After another dismal week on Wall Street the stock market managed to clamber back from its lows towards the end of Friday.

That was partly on the expectation, or at least the hope, that G7 Finance Ministers would come to the rescue.

Bases covered

Their communiqué duly emerged, after the markets closed.

It covered all the main bases - putting public capital into the banks, ensuring no big ones fail and doing everything to get the credit markets flowing again.

IMF head Dominique Strauss-Kahn
The IMF said rich nations had so far failed to restore confidence

But it did so in a rather open-ended fashion.

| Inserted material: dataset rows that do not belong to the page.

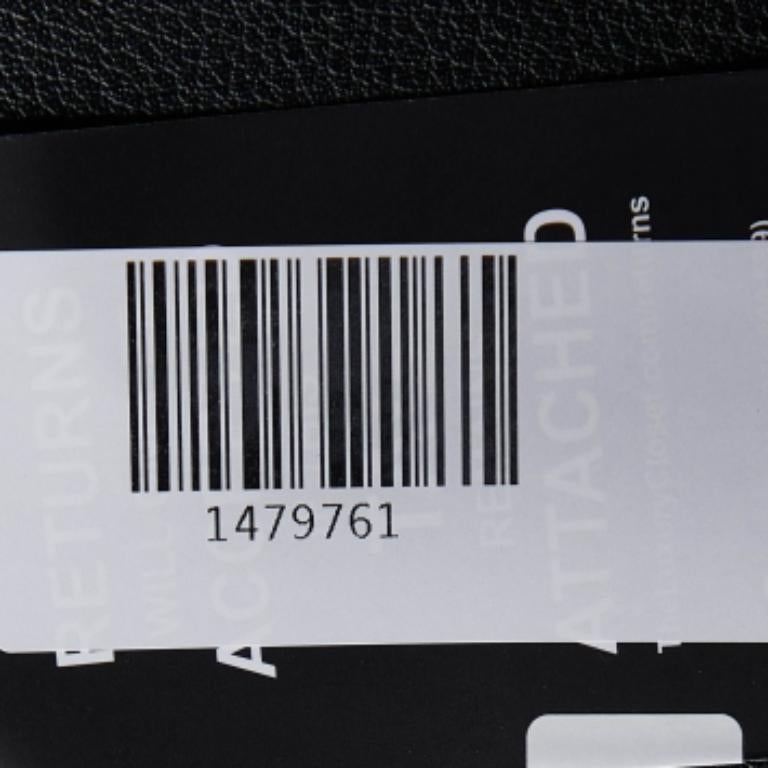 Armani Collezioni Gilet en laine mélangée à rayures grises L Pour hommes en vente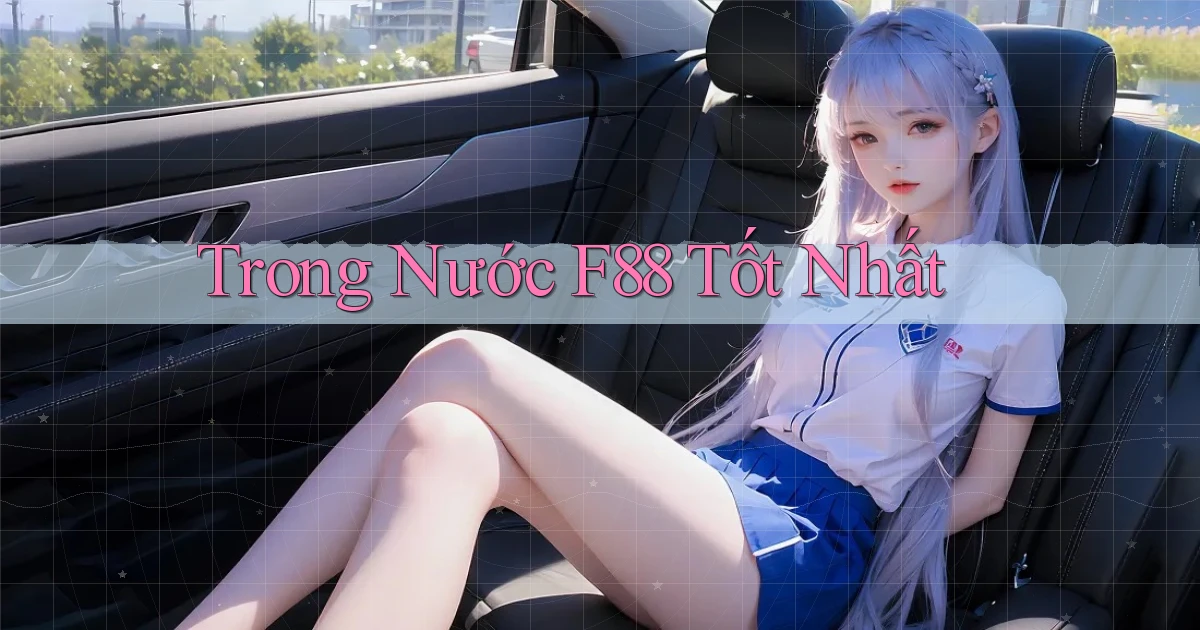 trong nước f88 tốt nhất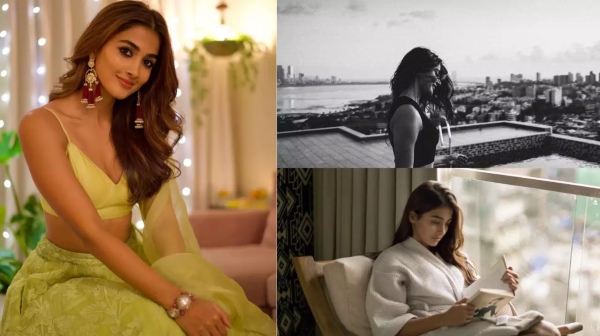 Beast actress Pooja Hegde bought a house for 40 crores in Mumbai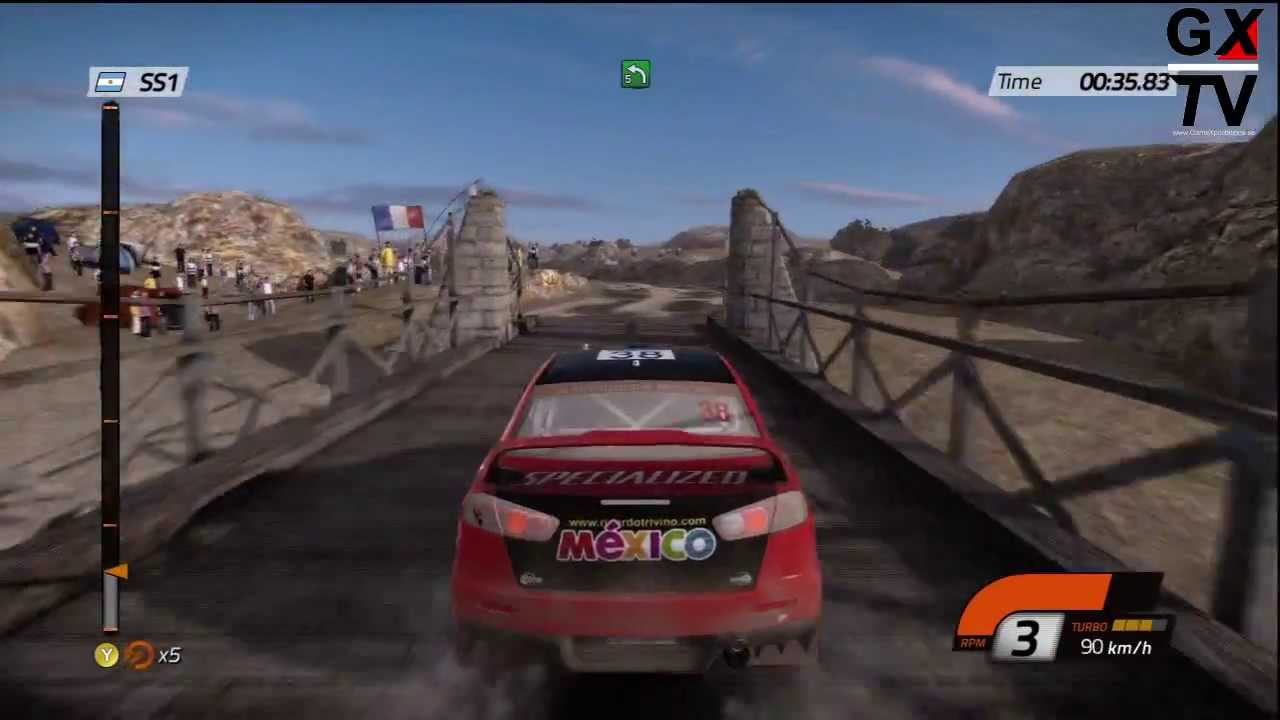 WRC 4 - All cars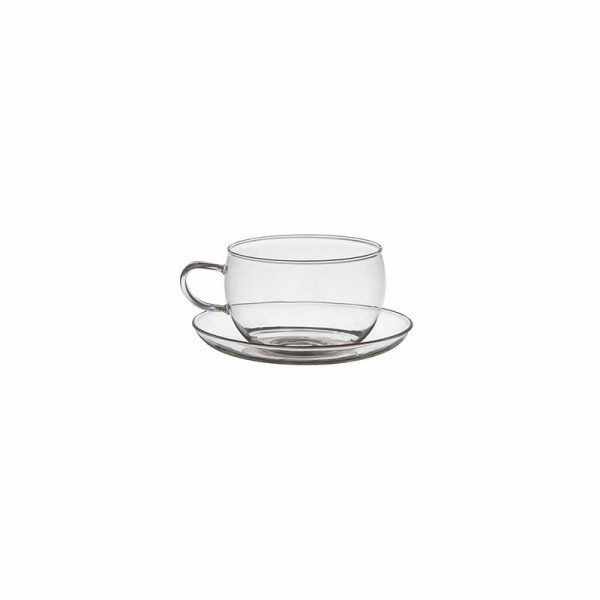 Tazze e teiere: Boro tazza te' con piatto set 2 pz Tazze e teiere: Boro tazza te' con piatto set 2 pz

The day after the G7 meeting, the French Finance Minister Christine Lagarde said that a Paris summit of the countries using the euro, joined by Gordon Brown, would put "meat on the skeleton", filling in some practical detail about how the euro countries would put the G7 principles into operation.

And that is more or less what it did.

Meanwhile in Washington, the US financial rescue plan has evolved.

There is now more emphasis on the idea of the government taking stakes in struggling banks. And the British financial rescue has also moved ahead rapidly.

And all the time, the G7 has been pressed by the IMF to get on with it.

Serious mood

The mood here doesn't really match the panic that has gripped the markets at times, but it is very serious.

Even President George W. Bush took the time to drop into the IMF to meet a group of finance ministers. It was his first time on the premises.

No end of IMF officials, from managing director Dominique Strauss-Kahn down, have called this the worst financial crisis since the Great Depression.

The wider economic consequences are nowhere near that bad.

The IMF's chief economist, Olivier Blanchard, told me very firmly that things will not deteriorate that far.

Still, the IMF's forecast is pretty bleak. The second half of next year will see a recovery that is "unusually gradual".

When that forecast was published, Mr Blanchard said that more action was needed. But he thought the fear in the markets would prompt governments to move.

It looks like he may have been right. Let's see if what they have done will do the trick.